EdAid is a funding platform for higher education. EdAid partners with university and professional schools to defer tuition payment, interest-free.

History 
EdAid was founded by Tom Woolf (CEO), the former Mission Chief of JustGiving Middle East and Africa and Accenture Financial Services Strategy alumni. EdAid received regulatory approval from the Financial Conduct Authority (FCA; formerly the FSA) in February 2016 and was launched in March 2016.

Process 
EdAid lets students defer tuition fees, interest-free. 

Study now, pay later is the mechanism by which students from underrepresented communities can get fair, affordable access to higher education. 

EdAid ensures that students and their education provider have shared risk, shared reward model that builds greater level of equity into Higher Education.

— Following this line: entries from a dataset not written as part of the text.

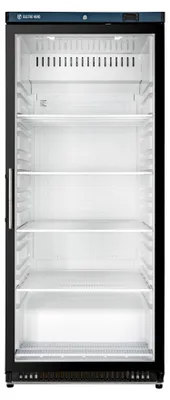 Produktbild von GastroHero Lagerkühlschrank ECO 600 Glastür Schwarz 562 Liter LED Beleuchtung Umluftkühlung 2 bis +8 °C Gewerbekühlschrank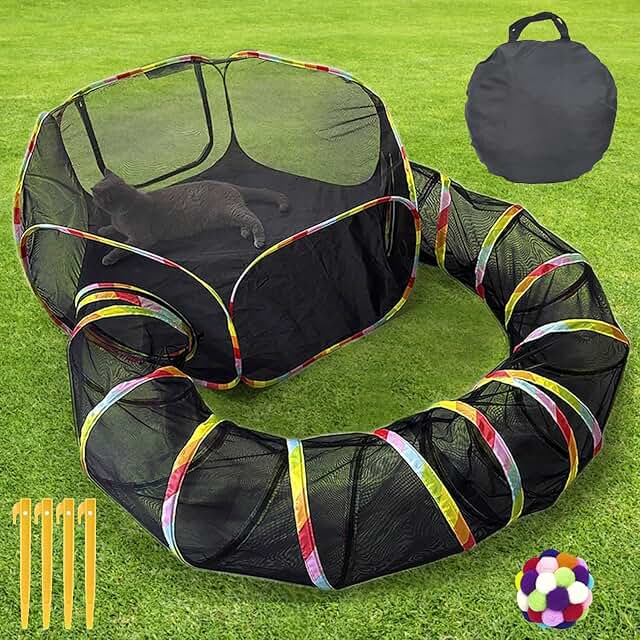 Outdoor Cat Playpen with Tent, Toy Ball, and Storage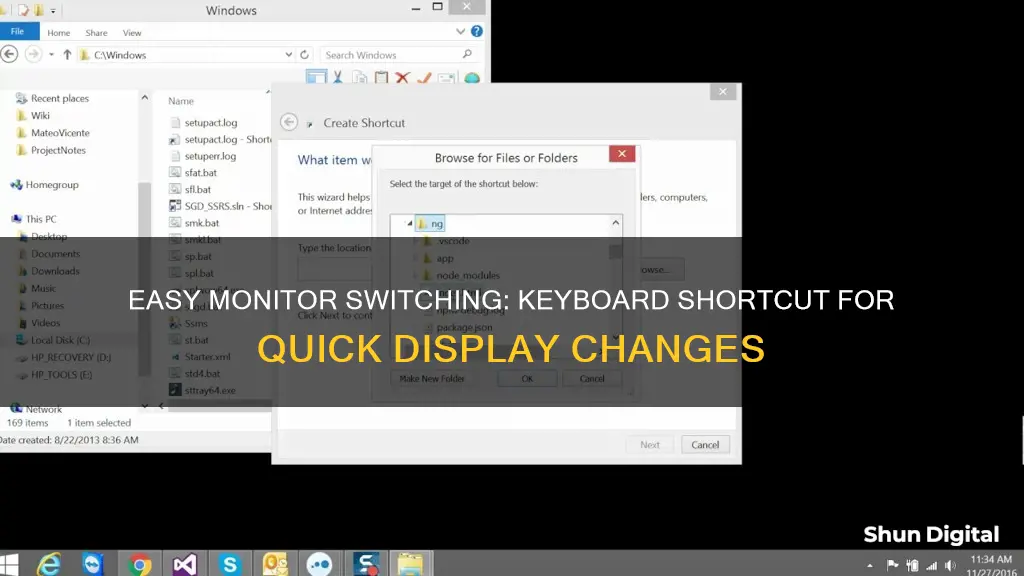 how to switch between monitors shortcut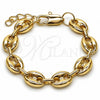 Pulsera Elegante 04.213.0345.07 Oro Laminado, Diseño de Puff Mariner, Pulido, Tono Dorado (Grosor 11.5 MM, 8 Pulgadas de Largo)
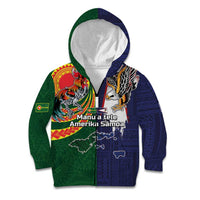 Manuʻa Islands and American Samoa Together Kid Hoodie Rooster and Eagle Mascot National Map and Flag Style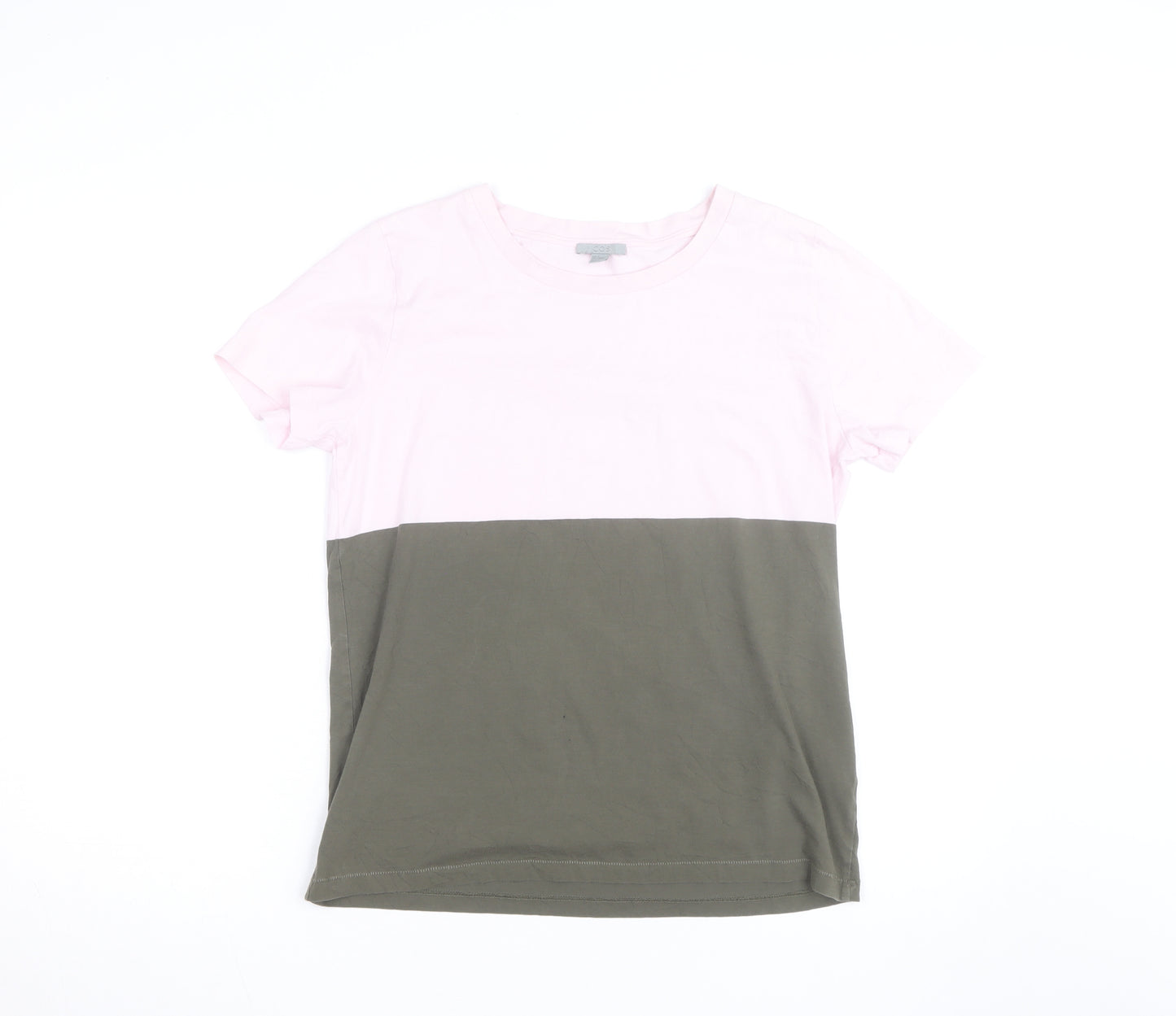 COS Men's Pink and Green Colourblock Cotton T-Shirt Size M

EdAid is regulated by the Financial Conduct Authority and students are validated through a three-phase process that includes identity, fraud and AML checks before starting an application. Students must be on a UK, US, Canadian or Australian accredited course with the permanent right to remain in their country of study after graduation.

EdAid has offices in the United Kingdom, United States of America, Canada, Ireland, the United Arab Emirates and Australia. 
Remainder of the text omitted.